Decisions to participate in price-fixing cartels are usually made by a firm’s top management and implemented by intermediate management. Because participation in a cartel generally results in a large increase in profits within a short time, it is necessary for management to hide their windfall from regulators, analysts, customers, and oftentimes even their boards of directors. The researchers documented a range of accounting and governance strategies these firms employed to evade legal liability.

Some accounting strategies the researchers pinpointed in cartel firms were frequent earnings smoothing, reclassifications of industrial segments (to make year-over-year performance comparisons more difficult), and a 50 percent higher incidence of financial restatements. Additionally, they changed auditors less frequently than the control sample.

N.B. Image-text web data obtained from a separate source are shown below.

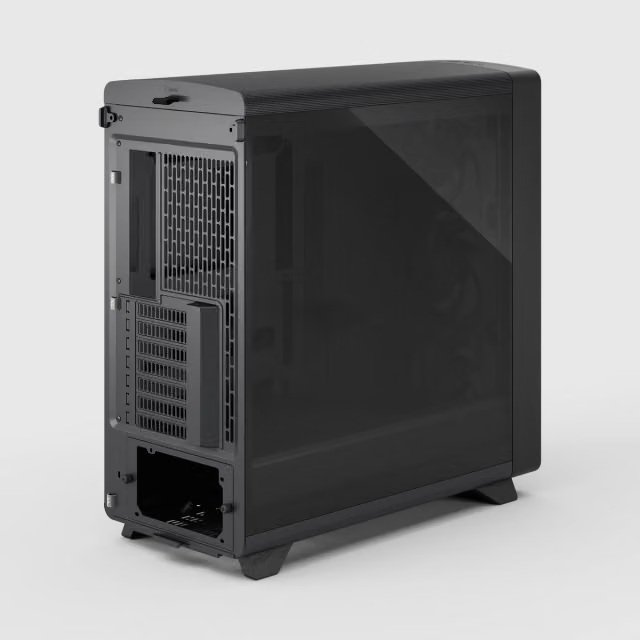 Fractal Design Summit Blackout TG Light Tint - obrázek č. 10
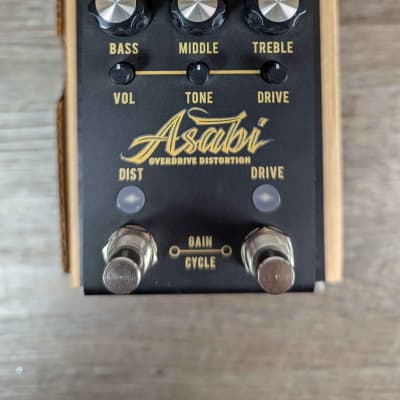 Reverb.com listing, price, conditions, and images for jackson-audio-asabi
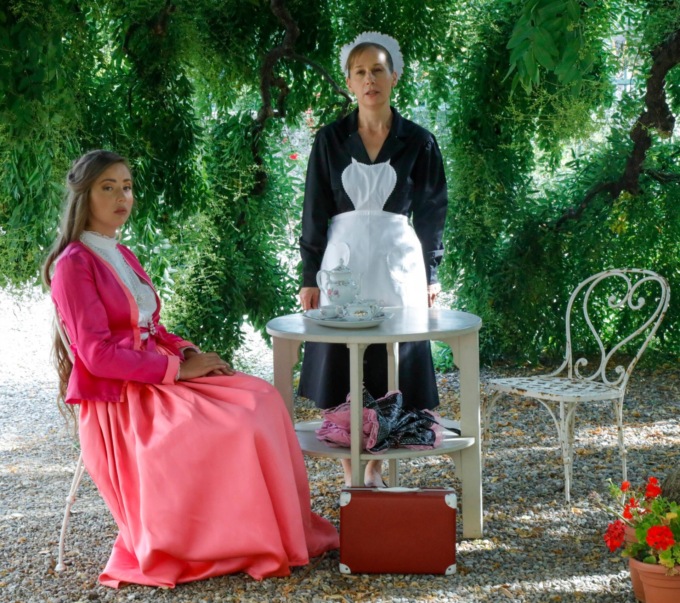 Alessandria, vanta l’interprete di “Fashion& Wine Kermesse”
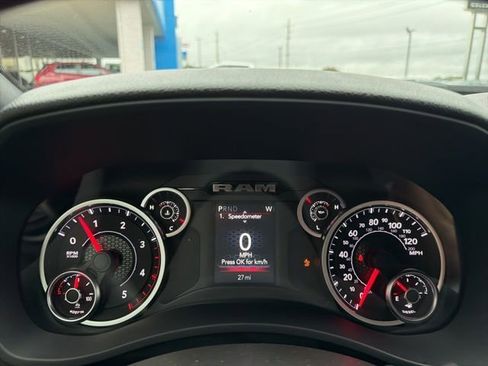 New 2026 RAM 3500 Tradesman image 10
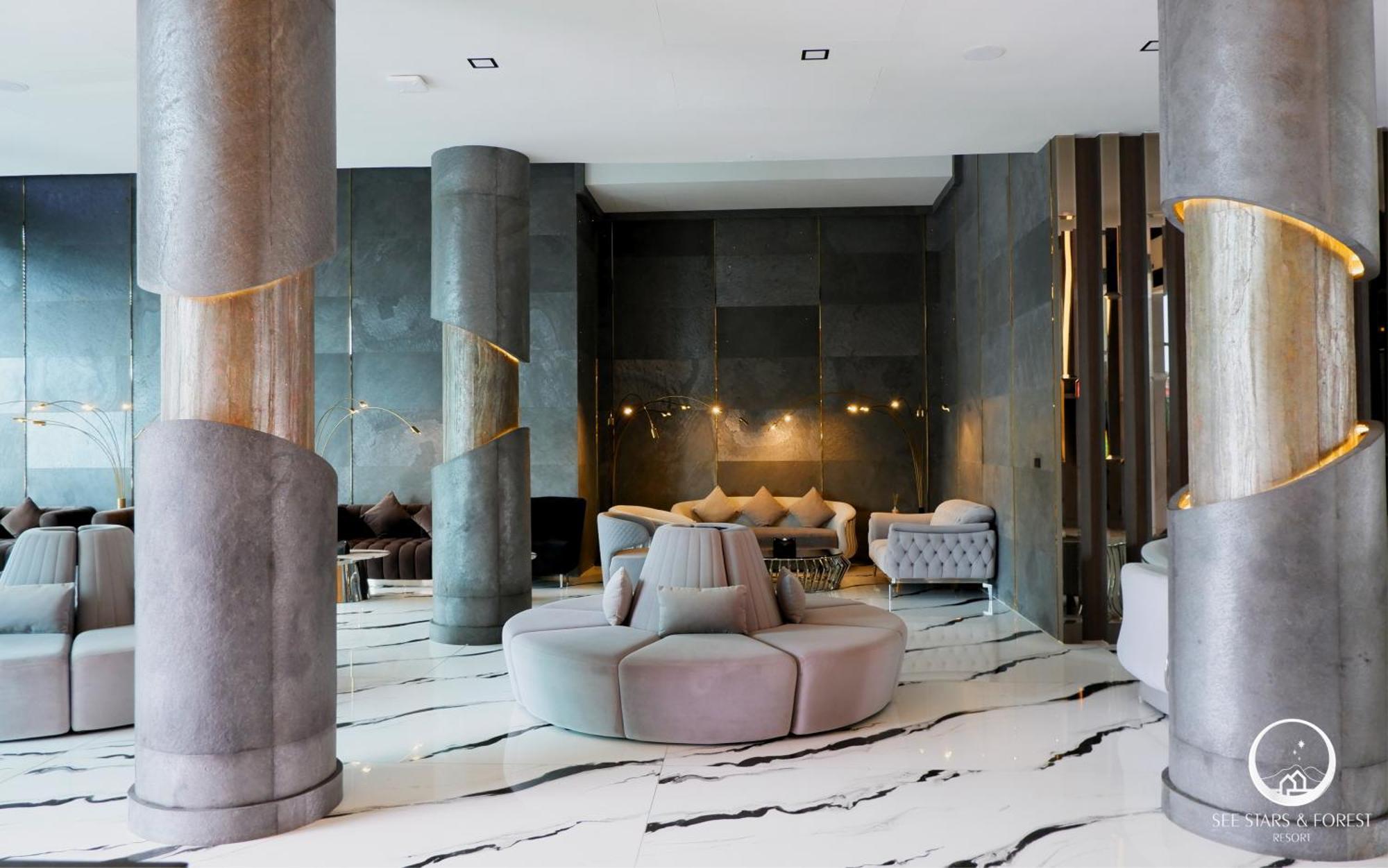 See Stars & Forest Resort อำเภอสว่างแดนดิน ภายนอก รูปภาพ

In terms of corporate governance, a company is able to participate in a cartel either with or without the knowledge of its board of directors. The researchers hypothesized that in either situation, cartel firms should be reluctant to replace directors who resign or retire because recruiting a new monitor from outside the company creates a risk of the cartel being exposed or stopped. Their findings supported this idea, showing that directors resign or retire more frequently in cartel firms, and that companies are more likely to allow the board to shrink rather than hire replacement directors. They found that, in general, cartel firms favor outside directors who are based in foreign countries or busy (serving on three or more boards simultaneously)—both types of directors have been shown in recent papers to be poor monitors due to distraction, distance, or lack of familiarity with U.S. accounting rules.